I have a passion for art history; it was a main focus of my studies in college. When I was offered a copy of Leonardo’s Holy Child at no charge for review I was very excited. I knew I would enjoy the stories of lost and found pieces of art.
About the Book:
A single sketch becomes an all-consuming quest to understand and identify a work by Leonardo da Vinci himself―the first new drawing by the great master to have surfaced in over a century.
Fred Kline is a well-known art historian, dealer, connoisseur, and explorer who has made a career of scouring antique stores, estate sales, and auctions looking for unusual―and often misidentified―works of art. Many of the gems he has found are now in major museum collections like the Frick, the Getty, and the Metropolitan Museum of Art.

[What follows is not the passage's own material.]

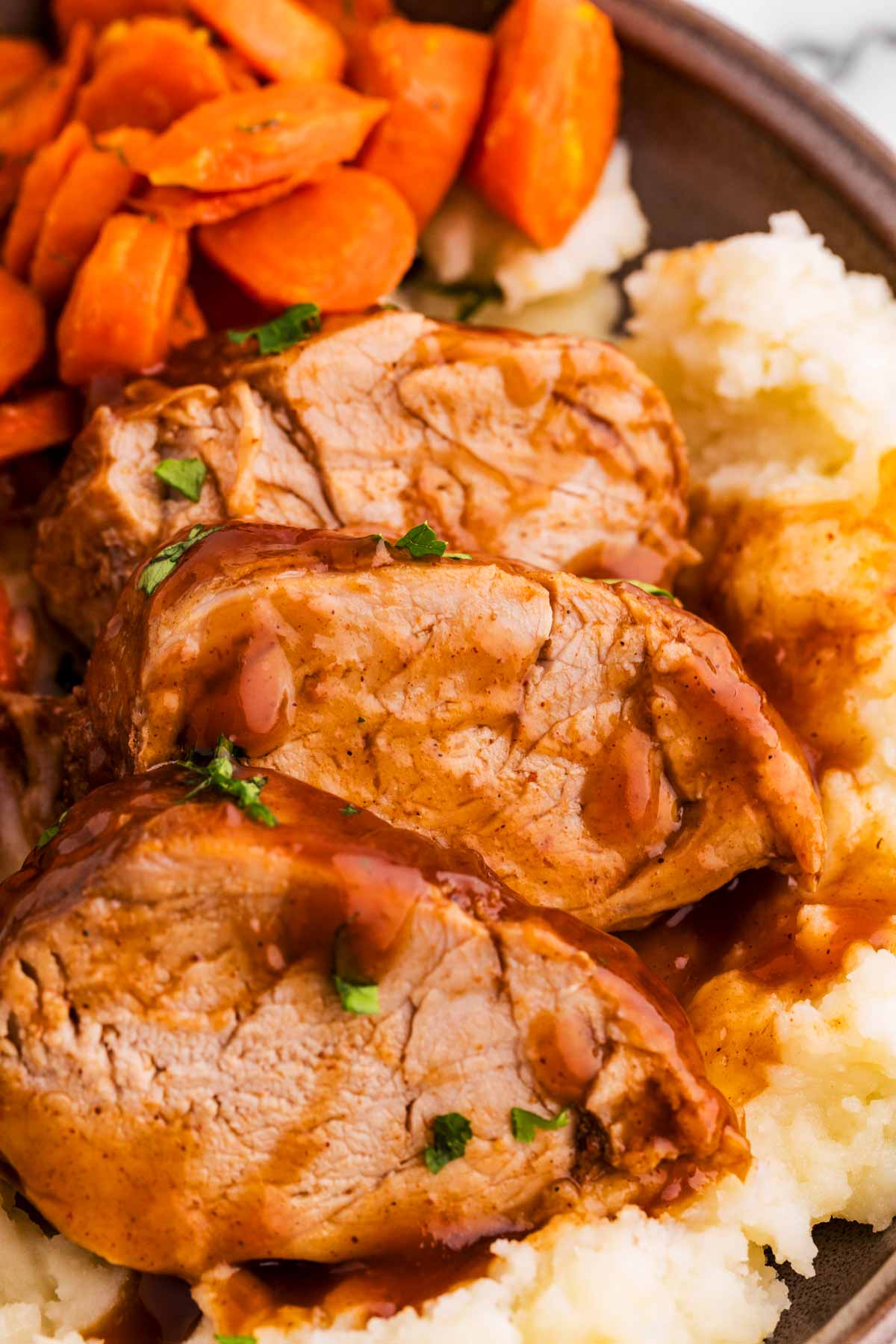 close up shot of sliced pork tenderloin medallions in a bbq balsamic glaze.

But this book is about the discovery of one piece in particular: About ten years ago, when Kline was routinely combing through a Christie’s catalog, a beautiful little drawing caught his eye. Attributed to Carracci, it came with a very low estimate, but Kline’s every instinct told him that the attribution was wrong. He placed a bid and the low asking price and bought the drawing outright. And that was the beginning of how Kline discovered Leonardo da Vinci’s model drawing for the Infant Jesus and the Infant St. John.
It is the first work by da Vinci to have surfaced in over a century. Leonardo’s Holy Child chronicles not only the story of this amazing discovery, from Kline’s research all over the world to how exactly attributions work with regards to the old masters (most of their works are unsigned). Kline also sheds light on the idea of “connoisseurship,” an often-overlooked facet of art history that’s almost Holmesian in its intricacy and specificity.
16 page color image insert plus in-text illustrations
About the Author:
Fred R. Kline is a generalist art historian, art dealer, artist, and writer. His numerous and diverse discoveries have been covered in the New York Times and Arts and Antiques, and have been acquired by the Getty Museum, the Morgan Library, the Metropolitan Museum of Art, and many others. He has served on the editorial staff of National Geographic, and his sculpture has been praised by the Smithsonian. He lives in Santa Fe, New Mexico. Visit him at www.klinegallery.com.
I was immediately fascinated by this book as I studied art history in college. Of course that led to my career in banking, heh. But I do love art and Renaissance art in particular. I have a particular fondness for Michelangelo and since Leonardo is a contemporary I enjoy any chance to find myself back in the era.
This book almost reads like a thriller as the author introduces the drawing and his suspicions that it’s not just any “old master” work. He has strong feelings that it’s by Leonardo DaVinci! He misses his first chance to buy it but fate brings it to him at another time. Then begins the task of determining who drew the child. I doubt I’m telling tales out of school by sharing the excitement of the chase and discovery of Leonardo’s hand in the drawing. Would there be a book otherwise? It didn’t come immediately and it didn’t come without a healthy dose of skepticism but that is half the fun of the reading.
The book reads like non-fiction; Mr. Kline writes with enthusiasm for his subject but not in such a way that is over the head of his reader. It does help to have a passion – or at least a healthy interest – in art, I will admit that. But then again you wouldn’t be looking at the title if you didn’t.
It doesn’t take the whole of the book’s 384 pages to tell the tale of Leonardo’s drawing. Mr. Kline shares other stories from the art world from different centuries and different continents. All make for very interesting reading and for an wealth of fascinating stories to share when conversation should lag.